Huawei is still clinging to life despite constant trade war bombardment from the US government, and its latest project suggests that maybe all the stress is starting to get to the company. Huawei's newest product, the Huawei "Watch Buds," is now getting an international release. Like it says on the tin, this is a smartwatch that is also... earbuds? Imagine sticking a smartwatch display onto the lid of a wireless earbuds case and then strapping that whole contraption to your wrist. The smartwatch display sits on a hinge that lifts up, revealing two big chasms inside the watch body that hold and charge your earbuds. Your earbuds are always at the ready, I guess.

How many ways is this a bad idea? Smartwatches are primarily limited by their size, so anything that makes a smartwatch bigger is probably not a great design choice. Having a smartwatch open up to be a container for something else, like a 1990s wrist fanny pack, is certainly an interesting way to spend your limited space budget. You generally want your space-limited smartwatch to contain 100 percent smartwatch parts, but this one is about 50 percent smartwatch parts and 50 percent earbuds parts.

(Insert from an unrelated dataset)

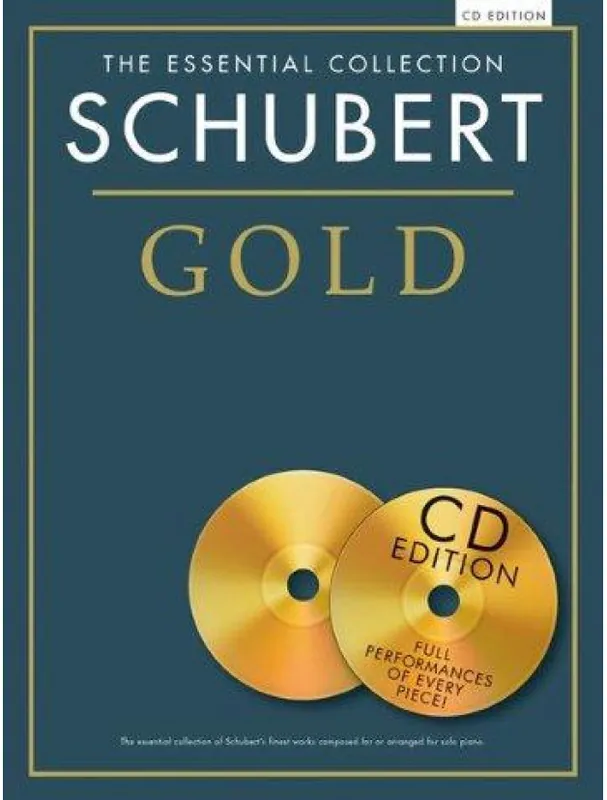 Nejlepší Volba The Essential Collection Schubert Gold (noty, sólo klavír) (+audio)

The watch body is officially "47 mm*47.5 mm*14.99 mm"-a massive size that's more volume than even an Apple Watch Ultra (49 mm*44 mm*14.4 mm), which is already too big for some people.

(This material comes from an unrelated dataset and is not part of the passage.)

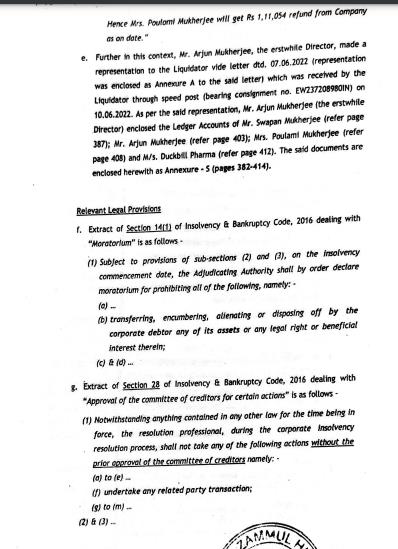 Exhibit reproduced from the original judgment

Generally, the space-limited size of smartwatches means battery capacity is pretty tough to come by. Huawei is giving you a 410 mAh battery to both run the watch and charge the earbuds while they're in your earbuds/smartwatch case. The Apple Watch Ultra, which, again, has a smaller body, has a 542 mAh battery, and that's just for smartwatch duties. This device also has GPS, a 24/7 heart rate monitor, and sleep tracking. The one saving grace for the battery life is that it doesn't run Android-instead it uses Huawei's "Harmony OS." The name "Harmony OS" means almost nothing in terms of a software stock. On phones, "Harmony OS" means it's an Android fork, but on watches, "Harmony OS" is a completely different OS based on Huawei's LiteOS. Huawei claims you'll get three days of battery life for "the entire device," while a more normal LiteOS watch from the company gets a claimed "14 days" of "typical usage."